#### [Data to process]

Segment Open

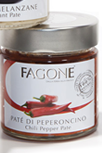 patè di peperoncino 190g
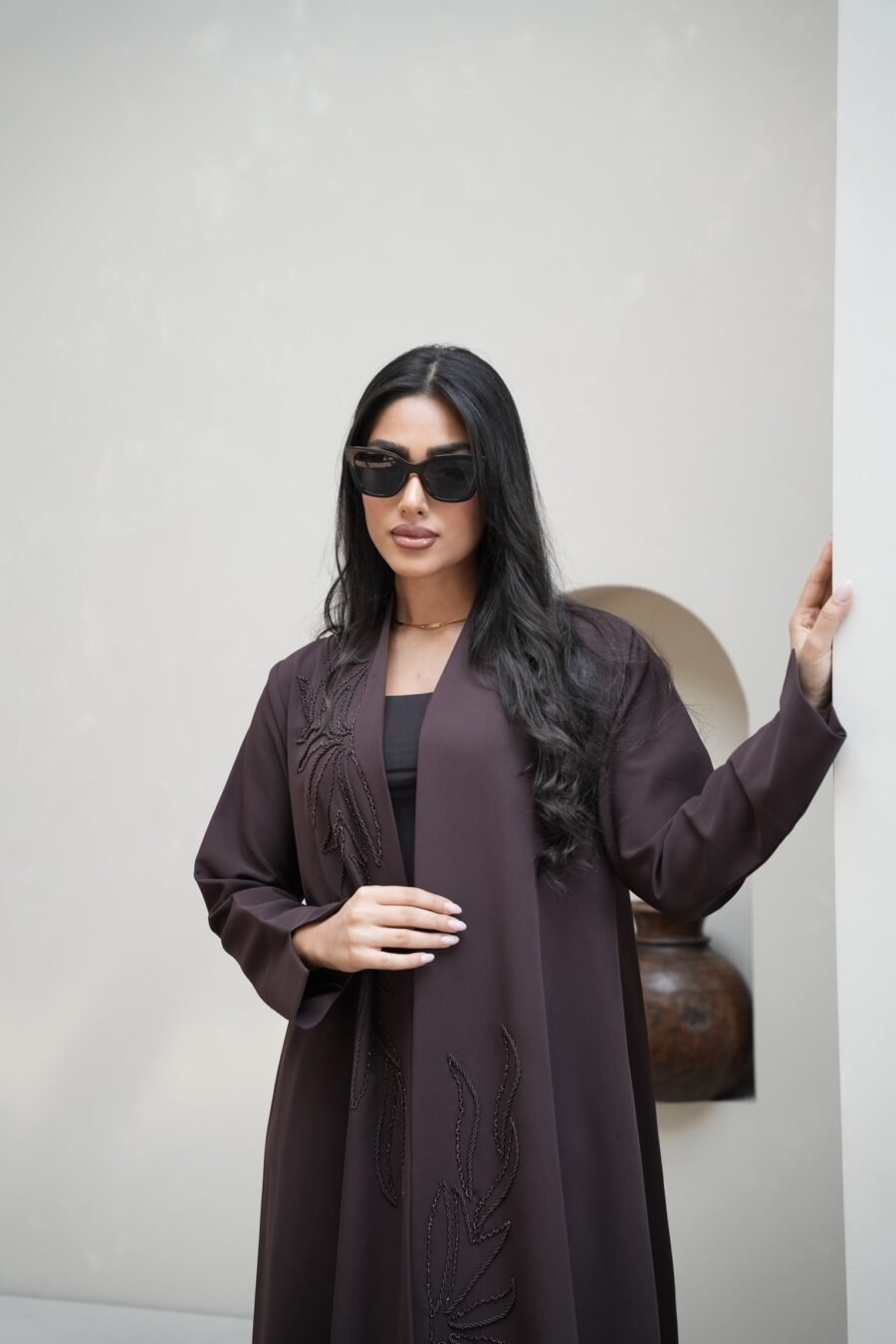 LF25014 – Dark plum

Segment Closed
Segment Open

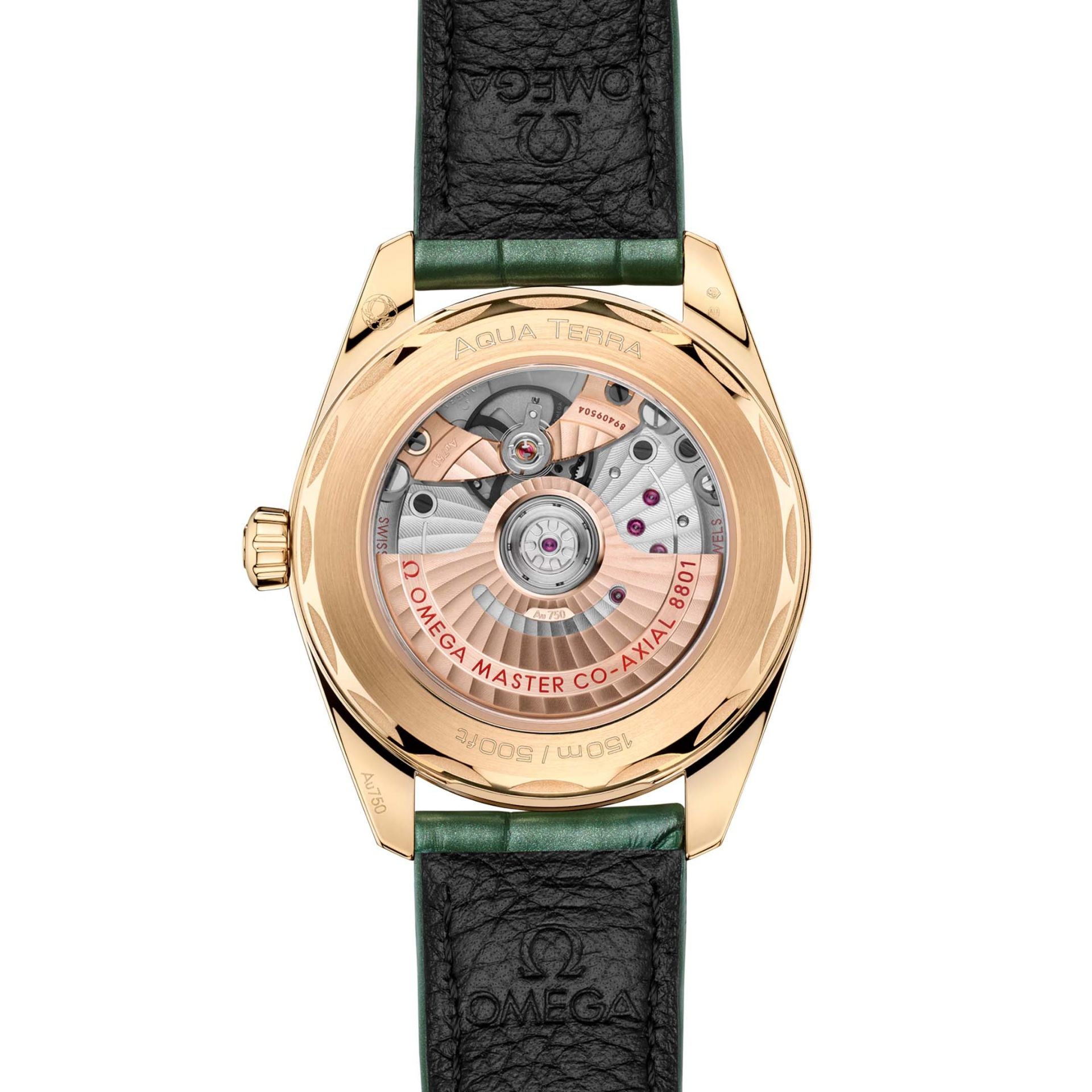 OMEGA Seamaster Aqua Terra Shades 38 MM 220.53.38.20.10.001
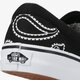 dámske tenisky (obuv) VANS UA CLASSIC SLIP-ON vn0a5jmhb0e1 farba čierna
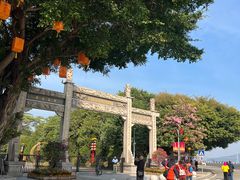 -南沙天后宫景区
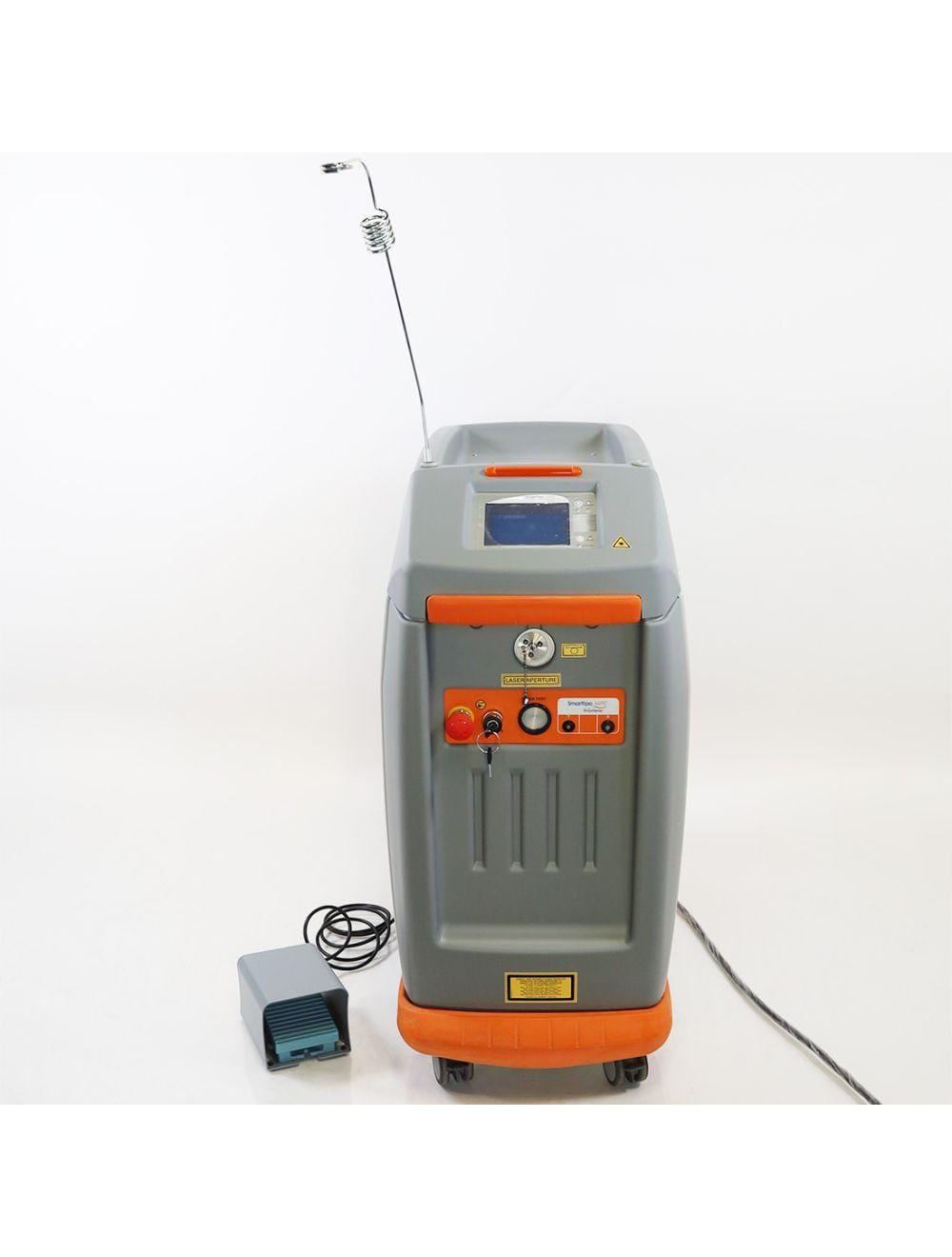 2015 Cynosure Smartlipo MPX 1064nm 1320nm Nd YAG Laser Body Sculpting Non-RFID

Segment Closed

#### [Problem to solve]
Range to copy from the listing above: the line with "dámske tenisky (obuv)" through the line with "2015 Cynosure Smartlipo". Transcribe it exactly and skip the pictures.

#### [Answer below]
 dámske tenisky (obuv) VANS UA CLASSIC SLIP-ON vn0a5jmhb0e1 farba čierna
 -南沙天后宫景区
 2015 Cynosure Smartlipo MPX 1064nm 1320nm Nd YAG Laser Body Sculpting Non-RFID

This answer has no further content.